Here’s the skeleton of a conversation I’ve had more than a hundred times in my career:

“What a great success we’ve had. Did you ever imagine we’d come so far?”

“I did. Or at least I imagined it. What I didn’t imagine was how difficult it would be.”

“Me too. What problems we’ve overcome.”

“And setbacks.”

“Those were the worse. Yet we persevered.”

Do you think we’d have begun if we knew then how tough it would be?”

“No way!”


The Physics of Success

The first law of physics – the law of inertia – states that an object at rest tends to remain at rest unless some amount of force is applied. The amount of energy needed to get it moving depends on how big and dense it is. The bigger and denser the object, the more energy it takes.

This works very well as a metaphor for what it takes to achieve major life goals.

We think of our life goals as dreams. And we tend to think of dreams as light and airy. Many of them – the happy dreams that drift into your head impulsively – are light and airy. Dreams like, “We should live here, in Paris.”

But when the dream is ambitious. When it is a goal that can vastly improve your life or the lives of others… what you have is not light and airy but big and dense. And since it is big and dense, it takes a huge amount of effort to take the first step.

That’s why most people never achieve their most important life goals. It’s not that the goal is not achievable. It’s not that they don’t have what it takes to achieve it. It’s that they are so intimidated by the bigness of the idea that they can’t drum up the energy to get it moving.

And that’s why I lie. (A little.) I know that telling the full truth has no productive value. It will only dampen ambition and blunt opportunity. My purpose, after all, is to create movement by obliterating inertia. Since I cannot provide my readers with more energy than they already have, I can at least reduce the hold of inertia by making goal seem smaller and, thus, easier to set in motion.

Physicists will tell you that once an object is in motion, continued movement is much easier. And ironically, the bigger the object, the more forward force it has and the less energy it needs to keep going.
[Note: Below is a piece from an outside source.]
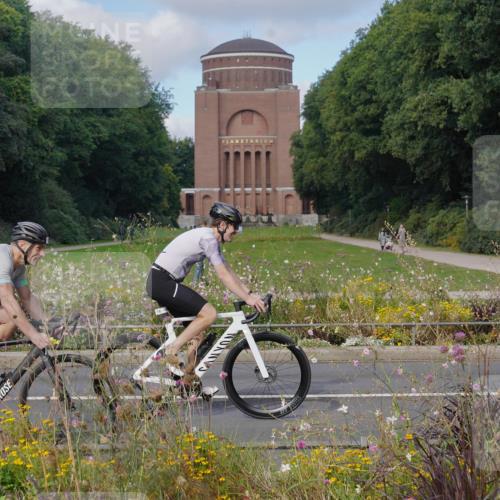 14.09.2025 - Stadtparktriathlon Michael Burmester http://msf.ph/oto/8903868 14.09.2025 10:52:25 Radfahren 633, 655, 663, 748, 800, 805, 806 meine-sportfotos.de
So to turn your dream into reality, you don’t begin by making a list of every possible obstacle and problem you are likely to encounter. You deal with those things after the project is in motion. (And if you have ever taken one of my courses – on anything from starting a business to learning a financially valuable skill to becoming CEO of the company you work for now – you know that’s when I show you how to handle the hard stuff. Because that’s when you need it.)

The big problem is and always will be inertia. And there are only two ways of overcoming inertia. You can supply more energy or you can make the challenge smaller.

In persuading people to go after their dreams, the only sensible strategy is to reduce, by omission, the problems and pitfalls and exaggerate the ease, the speed, and the reward.